An energetic audience converged at a nearly sold out Eastman Theatre to see radio personality Paul Harvey speak last Thursday evening. Known for his bravery as a broadcaster, Harvey spoke about taking courage despite the negativity and struggle that shrouds America today.

“This event has been anticipated for so many years,” WHAM 1180 broadcaster Beth Adams said in her introduction of the radio icon. Harvey last spoke in the Rochester area 36 years ago at Roberts Wesleyan College.

Harvey, a World War II veteran, has been employed for 51 years by ABC Radio Networks. He is well known for his programs “News and Comment,” and “The Rest of the Story,” which sheds light on obscure facts about events and famous people.

The 84-year-old Harvey received a standing ovation as he easily made his way to the podium.
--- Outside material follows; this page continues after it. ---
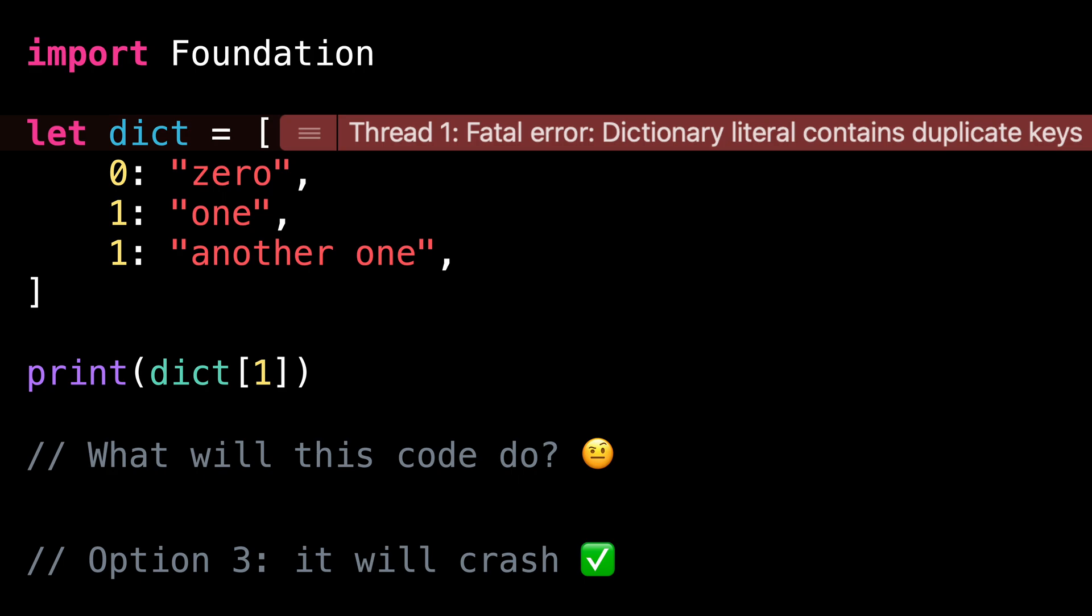Of course, in my example, the error seems very obvious, but such a situation can happen easier than you think. For instance, by duplicating the line of an existing key-value pair, but then updating only the value and forgetting to also update the key.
Harvey’s style was humorous and light, but direct. “I like [Harvey’s] low key delivery,” commented 75-year-old Pittsford resident Paul Knickerbocker.

Equipped with an arsenal of anecdotes from everyday life in America, Harvey took aim at examining the negativity and worry that Americans endure each day. Harvey placed much of the blame for such negativity on the media’s coverage of bad news. “Handling the news today makes me feel like a bare-handed sewer worker,” Harvey said.

He read aloud headlines from Thursday’s Democrat and Chronicle, adding, “Sin, sex and guns make more noise [than good news].” Harvey condemned American consumers for their preference for bad news, and “at least it’s not me” attitudes.

He further attacked the media for its frequently negative angle on positive stories. As an example, he suggested that the media should report an employment rate of 94.3 percent in America ? not an unemployment rate of 5.7percent. “Don’t let the headline writers rain on your parade,” Harvey said.

Harvey commended the U.S. for 30 years of prosperity. “With you carrying the whip, and [Federal Reserve Chairman] Alan Greenspan holding the reins things are getting better all the time,” he said.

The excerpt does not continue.